LSTM networks can capture long-term temporal dependencies.
from tensorflow.keras.models import Sequential
from tensorflow.keras.layers import LSTM, Dense, Dropout

def create_sequences(X, y, sequence_length=24):
    """Create sequences for LSTM input"""
    X_seq, y_seq = [], []
    
    for i in range(len(X) - sequence_length):
        X_seq.append(X[i:i+sequence_length])
        y_seq.append(y[i+sequence_length])
    
    return np.array(X_seq), np.array(y_seq)

# Prepare sequences (24 hours of history)
sequence_length = 24
X_train_seq, y_train_seq = create_sequences(X_train.values, y_train.values, sequence_length)
X_val_seq, y_val_seq = create_sequences(X_val.values, y_val.values, sequence_length)

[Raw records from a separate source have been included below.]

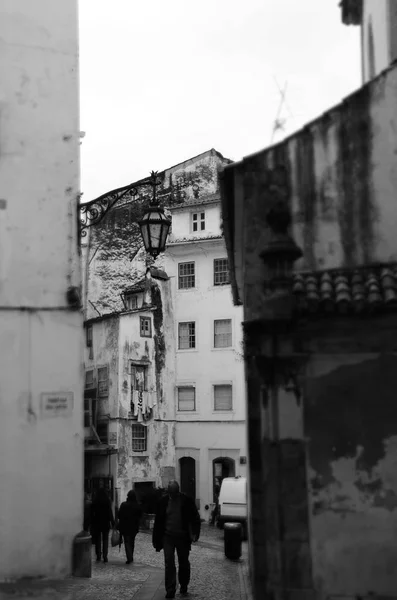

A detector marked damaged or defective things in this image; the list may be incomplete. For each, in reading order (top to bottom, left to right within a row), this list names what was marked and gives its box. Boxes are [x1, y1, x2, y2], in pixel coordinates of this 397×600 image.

peeling paint wall [84, 149, 230, 318]
peeling paint wall [230, 63, 396, 322]
peeling paint wall [304, 350, 397, 596] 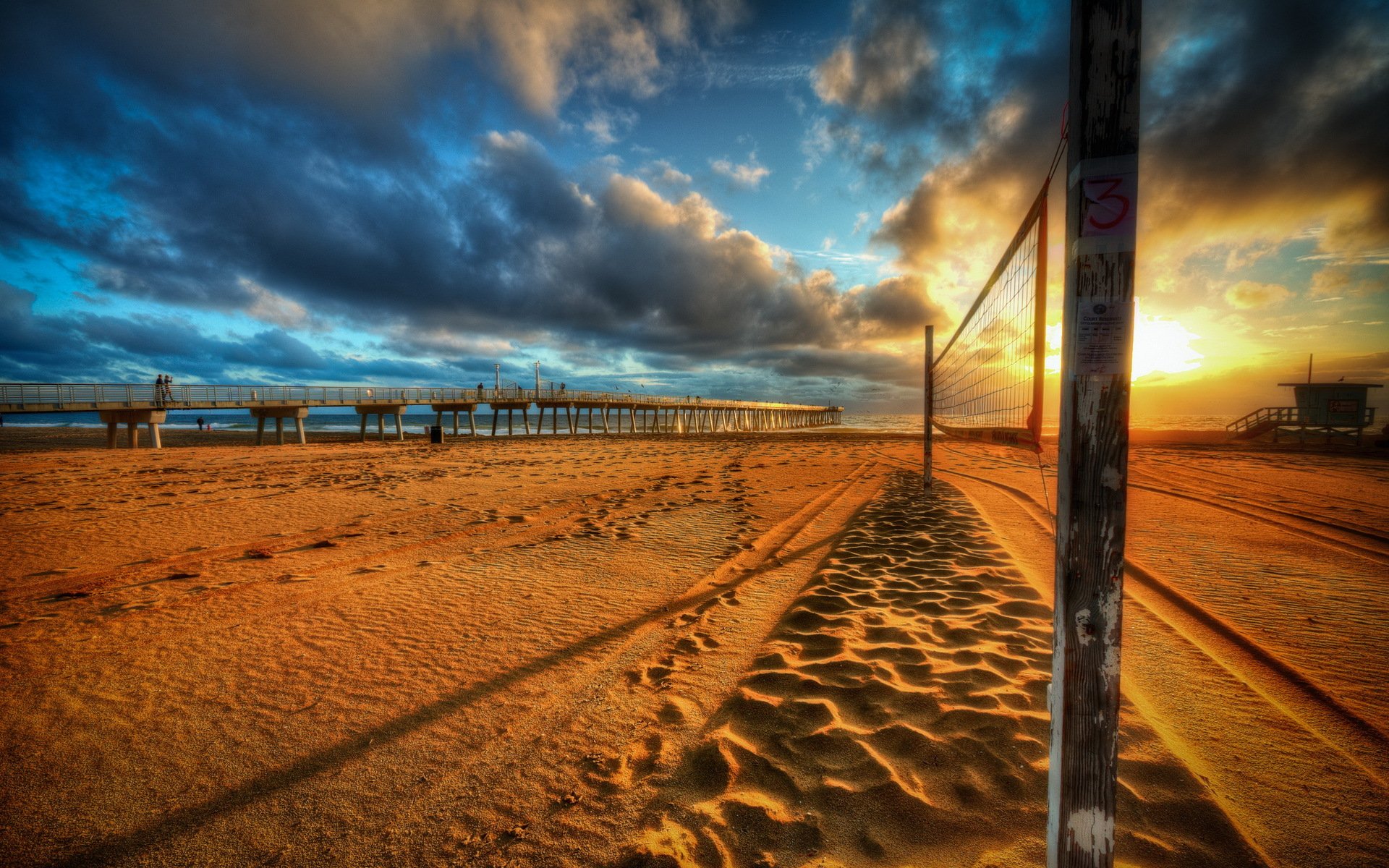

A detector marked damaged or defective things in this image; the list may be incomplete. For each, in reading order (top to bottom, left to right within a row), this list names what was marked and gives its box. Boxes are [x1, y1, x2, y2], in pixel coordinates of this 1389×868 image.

peeling paint on post [1050, 1, 1139, 867] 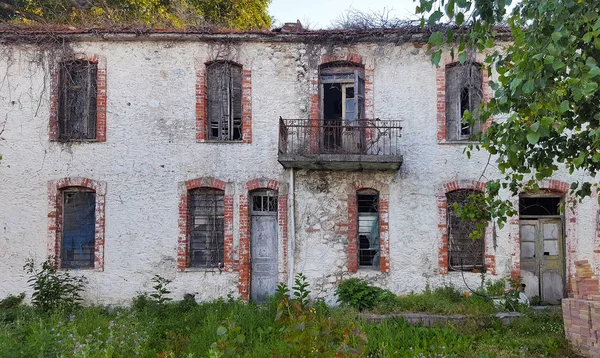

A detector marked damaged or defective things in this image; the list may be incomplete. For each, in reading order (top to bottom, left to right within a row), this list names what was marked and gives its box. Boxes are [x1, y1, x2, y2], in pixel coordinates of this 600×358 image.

broken window [58, 60, 97, 140]
broken window [207, 61, 243, 140]
rusty iron balcony [278, 117, 404, 171]
broken window [318, 63, 366, 152]
broken window [446, 62, 482, 141]
broken window [61, 189, 95, 268]
broken window [189, 189, 224, 268]
broken window [356, 190, 380, 268]
broken window [448, 189, 486, 270] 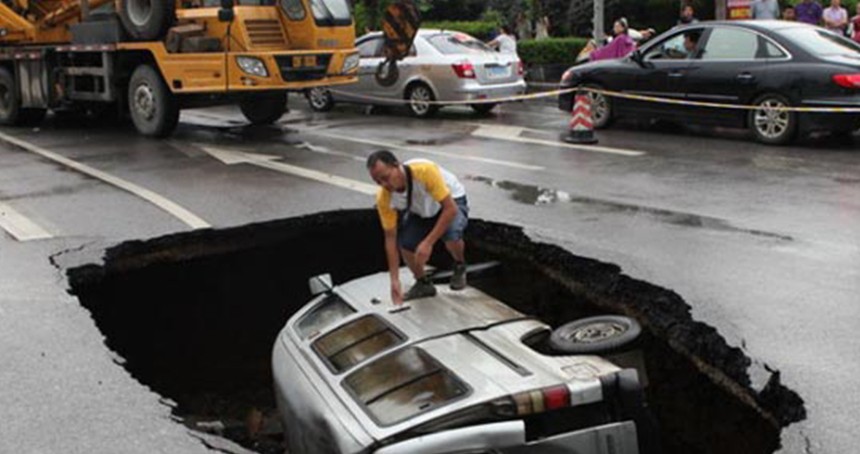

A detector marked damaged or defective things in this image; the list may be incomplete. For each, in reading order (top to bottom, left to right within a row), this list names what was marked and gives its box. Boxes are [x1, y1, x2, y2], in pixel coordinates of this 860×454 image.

overturned silver car [272, 270, 660, 454]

print(f"Sequence shape: {X_train_seq.shape}")

# Build LSTM model
lstm_model = Sequential([
    LSTM(128, return_sequences=True, input_shape=(sequence_length, X_train.shape[1])),
    Dropout(0.3),
    LSTM(64, return_sequences=False),
    Dropout(0.2),
    Dense(32, activation='relu'),
    Dense(1)
])

lstm_model.compile(
    optimizer='adam',
    loss='mse',
    metrics=['mae']
)

print(lstm_model.summary())

# Train LSTM
history = lstm_model.fit(
    X_train_seq, y_train_seq,
    validation_data=(X_val_seq, y_val_seq),
    epochs=100,
    batch_size=128,
    callbacks=[early_stop, reduce_lr],
    verbose=1
)

Model Ensemble

Combine multiple models for improved predictions.
class AQIEnsemble:
    def __init__(self, models, weights=None):
        self.models = models
        self.weights = weights if weights else [1.0/len(models)] * len(models)
    
    def predict(self, X):
        predictions = []
        for model, weight in zip(self.models, self.weights):
            if hasattr(model, 'predict_proba'):
                pred = model.predict(X)
            else:
                pred = model.predict(xgb.DMatrix(X) if 'xgb' in str(type(model)) else X)
            predictions.append(pred * weight)
        
        return np.sum(predictions, axis=0)

# Create ensemble
ensemble = AQIEnsemble(
    models=[xgb_model, lgb_model, baseline_model],
    weights=[0.5, 0.3, 0.2]
)

# Evaluate ensemble
ensemble_pred = ensemble.predict(X_val)
ensemble_rmse = np.sqrt(mean_squared_error(y_val, ensemble_pred))
ensemble_mae = mean_absolute_error(y_val, ensemble_pred)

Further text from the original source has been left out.